The weather in March can be a crapshoot in the Driftless region of Wisconsin. It can be 65 degrees and sunny with folks wearing shorts and flip flops or we can still be in the icy grip of winter with two feet of snow and a high of 20. For the avid trout fisher, March is a great time to be on the streams because it’s not crowded, the bank grass is trampled flat and there are no gnats. The nymph and streamer fishing is also superb.

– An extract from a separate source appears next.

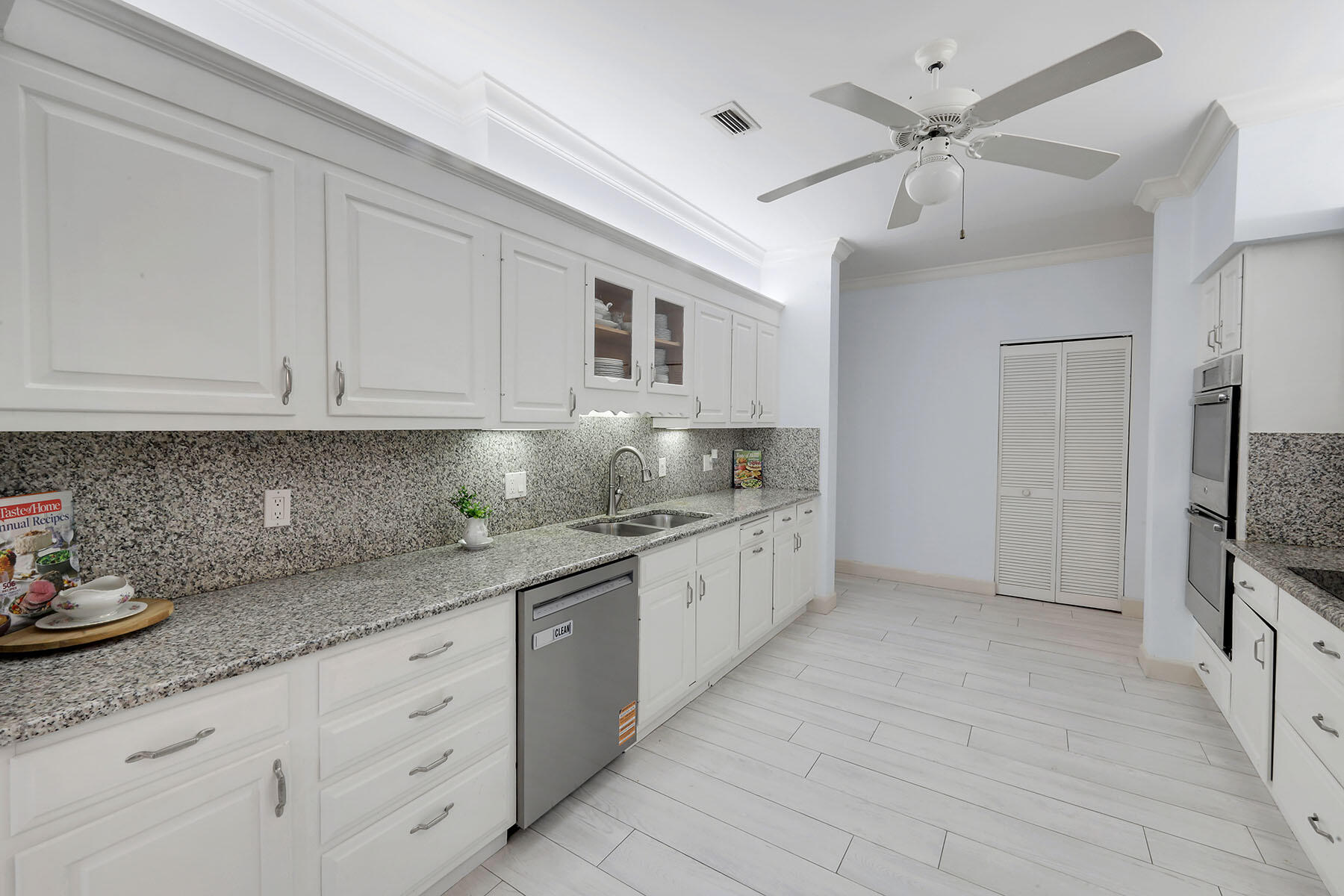828 HIDEAWAY E, 423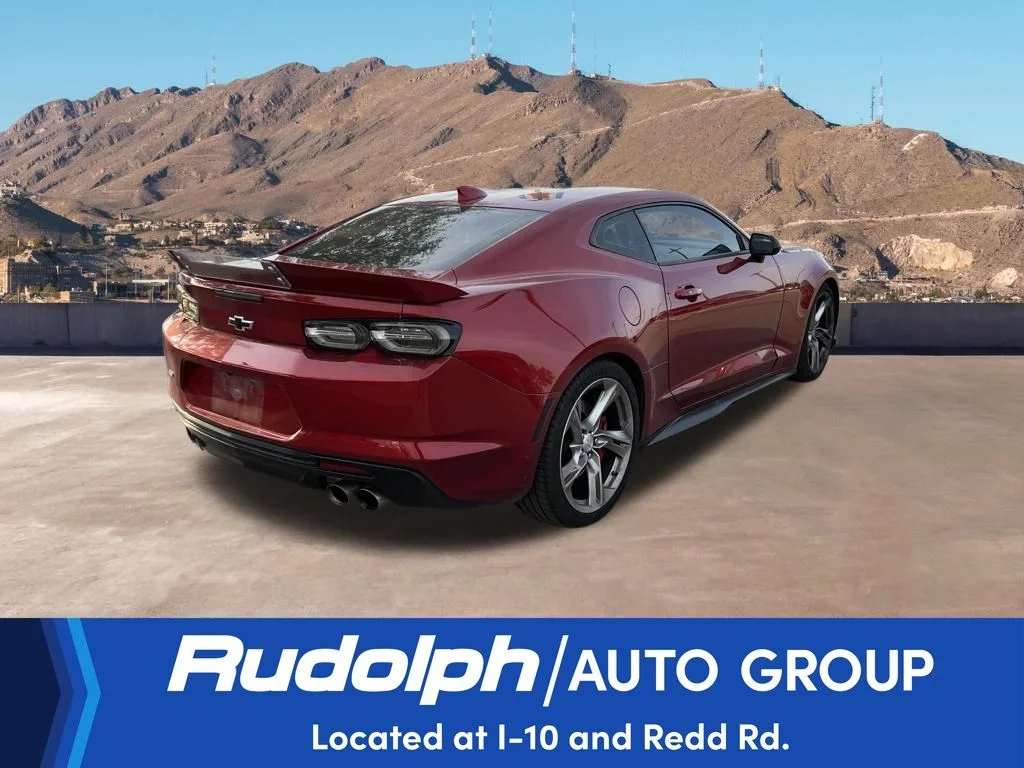 Used 2021 Cherry Chevrolet SS image 5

One element most folks overlook, however, is the dry fly fishing that can also be good under the right conditions with one fly in particular, the Blue Wing Olive or Baetis in Latin. While the best Baetis hatches occur in April, March is when things get started. According to my logs, the Baetis hatch usually starts on St. Patrick’s Day. St. Patrick’s Day became the magic start date many years ago after running into a couple fly shop guys from Chicago who went fishing to get away from the craziness of the holiday in Chi Town. All three of us had one of the best dry fly days of the year. It’s become a habit ever since to be on the stream that day looking for Baetis hatches and rising trout. There have been some interesting variances in start dates throughout the years. For example, in 2012 when it was freakishly warm, it started the beginning of March, and last year in the grip of the Polar Vortex it started March 20. The fact that last winter and spring were the coldest of the cold, and the hatch started only three days late is a testament to the hardiness of the Baetis. Though you’ll encounter some hatches on sunny days, the best conditions are overcast and drizzly because the adults stay on the water longer-read easier mealand the trout aren't as spooky.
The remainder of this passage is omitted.